Input material
Start of Block

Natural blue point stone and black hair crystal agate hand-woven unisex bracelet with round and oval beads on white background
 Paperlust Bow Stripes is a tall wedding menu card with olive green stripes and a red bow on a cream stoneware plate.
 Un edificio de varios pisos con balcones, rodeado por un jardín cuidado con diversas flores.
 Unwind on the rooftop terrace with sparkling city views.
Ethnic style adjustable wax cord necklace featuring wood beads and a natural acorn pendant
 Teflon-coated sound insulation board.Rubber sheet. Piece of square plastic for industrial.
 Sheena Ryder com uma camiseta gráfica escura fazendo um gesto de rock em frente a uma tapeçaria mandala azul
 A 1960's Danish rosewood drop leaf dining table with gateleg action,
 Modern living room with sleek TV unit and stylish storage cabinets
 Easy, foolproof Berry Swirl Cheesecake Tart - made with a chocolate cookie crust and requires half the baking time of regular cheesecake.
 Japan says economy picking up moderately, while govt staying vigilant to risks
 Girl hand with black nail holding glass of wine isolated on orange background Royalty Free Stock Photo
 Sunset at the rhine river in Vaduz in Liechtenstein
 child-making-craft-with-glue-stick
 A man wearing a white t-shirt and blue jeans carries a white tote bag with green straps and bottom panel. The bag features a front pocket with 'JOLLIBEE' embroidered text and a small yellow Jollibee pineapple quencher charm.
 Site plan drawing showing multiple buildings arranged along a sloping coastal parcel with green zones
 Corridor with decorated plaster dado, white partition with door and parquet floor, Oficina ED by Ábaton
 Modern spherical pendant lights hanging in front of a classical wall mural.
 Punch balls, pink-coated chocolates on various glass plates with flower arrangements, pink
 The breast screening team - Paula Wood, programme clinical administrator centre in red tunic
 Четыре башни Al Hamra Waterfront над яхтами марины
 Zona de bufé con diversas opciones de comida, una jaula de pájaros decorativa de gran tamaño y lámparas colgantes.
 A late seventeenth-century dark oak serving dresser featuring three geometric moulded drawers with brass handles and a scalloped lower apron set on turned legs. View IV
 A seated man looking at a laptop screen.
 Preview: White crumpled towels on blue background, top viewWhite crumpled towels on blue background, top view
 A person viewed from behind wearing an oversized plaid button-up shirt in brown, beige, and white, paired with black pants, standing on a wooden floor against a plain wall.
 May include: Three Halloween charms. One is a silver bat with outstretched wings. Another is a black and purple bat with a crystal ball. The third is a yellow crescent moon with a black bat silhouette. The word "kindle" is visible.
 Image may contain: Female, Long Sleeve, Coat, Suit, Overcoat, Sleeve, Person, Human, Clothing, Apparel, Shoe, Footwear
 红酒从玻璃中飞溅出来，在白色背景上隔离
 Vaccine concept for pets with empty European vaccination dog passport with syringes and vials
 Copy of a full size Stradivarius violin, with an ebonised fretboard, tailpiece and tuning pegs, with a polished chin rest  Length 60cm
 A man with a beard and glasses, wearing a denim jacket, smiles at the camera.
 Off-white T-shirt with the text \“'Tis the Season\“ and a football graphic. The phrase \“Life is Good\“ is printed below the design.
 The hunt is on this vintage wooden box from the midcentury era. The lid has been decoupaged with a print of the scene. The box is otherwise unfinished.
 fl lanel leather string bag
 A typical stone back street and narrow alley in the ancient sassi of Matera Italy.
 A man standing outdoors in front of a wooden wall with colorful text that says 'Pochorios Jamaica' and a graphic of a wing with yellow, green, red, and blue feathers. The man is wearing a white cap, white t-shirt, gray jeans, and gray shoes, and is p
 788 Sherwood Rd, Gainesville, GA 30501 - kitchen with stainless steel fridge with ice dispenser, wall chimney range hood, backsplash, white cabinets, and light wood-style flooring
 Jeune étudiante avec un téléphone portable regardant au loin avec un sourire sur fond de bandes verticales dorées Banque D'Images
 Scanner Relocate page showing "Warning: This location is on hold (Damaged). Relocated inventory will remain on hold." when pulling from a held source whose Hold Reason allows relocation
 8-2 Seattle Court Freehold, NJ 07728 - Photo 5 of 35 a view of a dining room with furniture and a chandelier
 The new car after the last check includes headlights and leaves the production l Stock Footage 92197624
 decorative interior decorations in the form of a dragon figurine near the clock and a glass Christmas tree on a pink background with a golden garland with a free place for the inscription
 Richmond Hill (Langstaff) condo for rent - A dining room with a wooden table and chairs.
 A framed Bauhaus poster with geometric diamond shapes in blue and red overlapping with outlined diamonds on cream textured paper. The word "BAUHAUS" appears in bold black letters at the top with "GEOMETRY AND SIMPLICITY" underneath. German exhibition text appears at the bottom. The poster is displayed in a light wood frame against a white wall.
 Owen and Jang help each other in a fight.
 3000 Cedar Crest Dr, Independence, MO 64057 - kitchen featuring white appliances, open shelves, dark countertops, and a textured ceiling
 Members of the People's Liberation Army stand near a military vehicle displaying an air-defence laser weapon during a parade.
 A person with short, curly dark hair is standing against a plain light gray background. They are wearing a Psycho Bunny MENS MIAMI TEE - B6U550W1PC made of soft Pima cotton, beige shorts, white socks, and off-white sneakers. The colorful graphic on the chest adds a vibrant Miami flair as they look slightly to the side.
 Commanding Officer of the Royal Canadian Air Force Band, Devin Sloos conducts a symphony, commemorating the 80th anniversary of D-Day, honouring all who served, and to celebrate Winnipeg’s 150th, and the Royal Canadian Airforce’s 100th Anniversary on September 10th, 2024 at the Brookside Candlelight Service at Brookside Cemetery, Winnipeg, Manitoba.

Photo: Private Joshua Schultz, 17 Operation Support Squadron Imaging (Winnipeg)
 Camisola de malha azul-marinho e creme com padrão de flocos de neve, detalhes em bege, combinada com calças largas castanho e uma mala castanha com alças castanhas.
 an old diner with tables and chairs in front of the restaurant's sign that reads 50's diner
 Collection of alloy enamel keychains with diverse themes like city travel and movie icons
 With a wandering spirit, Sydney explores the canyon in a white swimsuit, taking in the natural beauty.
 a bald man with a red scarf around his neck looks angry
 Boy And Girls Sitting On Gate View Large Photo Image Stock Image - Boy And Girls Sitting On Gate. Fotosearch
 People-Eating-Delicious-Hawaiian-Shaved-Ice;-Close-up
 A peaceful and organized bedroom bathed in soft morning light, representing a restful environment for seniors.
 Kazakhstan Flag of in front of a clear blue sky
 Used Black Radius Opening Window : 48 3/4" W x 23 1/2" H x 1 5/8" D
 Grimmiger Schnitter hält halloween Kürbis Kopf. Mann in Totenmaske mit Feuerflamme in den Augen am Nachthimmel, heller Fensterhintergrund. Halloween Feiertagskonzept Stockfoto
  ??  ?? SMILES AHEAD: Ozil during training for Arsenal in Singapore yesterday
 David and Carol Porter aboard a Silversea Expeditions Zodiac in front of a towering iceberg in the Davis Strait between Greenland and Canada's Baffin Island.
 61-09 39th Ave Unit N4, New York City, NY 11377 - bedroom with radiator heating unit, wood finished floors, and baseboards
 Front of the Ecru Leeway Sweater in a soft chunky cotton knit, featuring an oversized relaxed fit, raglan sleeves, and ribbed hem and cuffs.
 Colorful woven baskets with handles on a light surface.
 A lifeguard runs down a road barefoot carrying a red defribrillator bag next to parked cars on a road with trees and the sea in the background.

End of Block

Task
Begin at the first line of the records above and quote every line verbatim through the one that contains "Teflon-coated sound insulation".

Reply to the task
Natural blue point stone and black hair crystal agate hand-woven unisex bracelet with round and oval beads on white background
 Paperlust Bow Stripes is a tall wedding menu card with olive green stripes and a red bow on a cream stoneware plate.
 Un edificio de varios pisos con balcones, rodeado por un jardín cuidado con diversas flores.
 Unwind on the rooftop terrace with sparkling city views.
Ethnic style adjustable wax cord necklace featuring wood beads and a natural acorn pendant
 Teflon-coated sound insulation board.Rubber sheet. Piece of square plastic for industrial.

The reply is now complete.